Senator JAVITS. You now feel that that rates the highest priority? Mr. SHRIVER. I think it is important but I think it is much more important to try to get people out of poverty than to appoint staff. Senator JAVITS. As a practical matter then, almost everything of an executive character has to be done directly with Washington?

Mr. SHRIVER. I would not quite say that because a great deal of work is done at the local level and programs are now coming to us and have been for the last 60 days, pretty well finished at the regional office level.

Senator JAVITS. It is my understanding that that only applies to smaller cities and that the really heavy work that the regional offices might ultimately do is not being done.

Mr. SHRIVER. I don't think that is universally so. The Rochester plan was handled pretty much through the regional office with headquarters in New York.

The program of Indianapolis came pretty heavily through the Chicago regional office for the Middle West. Similar instances could be cited from other places.

For example, the office in the Southeast which happens to have its headquarters in Atlanta has been extremely productive in terms of generating programs which come to use pretty well finished.

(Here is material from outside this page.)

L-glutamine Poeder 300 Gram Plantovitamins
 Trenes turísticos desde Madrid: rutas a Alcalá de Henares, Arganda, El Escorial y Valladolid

Senator JAVITS. I would suggest to you, Mr. Shriver, that it is not necessarily a diversion of effort for poverty to have a good deal of regional autonomy. That is just one suggestion from an old hand in the game. I am not finding any fault with you but I would strongly urge you to establish these regional offices. I think if they were established there would be a certain added measure of local confidence by the top city officials in dealing with the Regional Director. He would then have a certain amount of authority. You may find, too, he is very helpful to you since, as usually happens, such officers can be delegated a certain area of responsibility for programs below a certain amount, whatever that might be. I really believe it would be well worthwhile, especially in this kind of program, giving that some attention.

Mr. SHRIVER. Thank you.

Senator MCNAMARA. The hearing is adjourned until 10 o'clock tomorrow morning.

We are all through with you, Mr. Shriver.

Mr. SHRIVER. Thank you, Mr. Chairman.

(Whereupon, at 5:15 p.m. the subcommittee was recessed, to reconvene at 10 a.m. Tuesday, June 29, 1965.)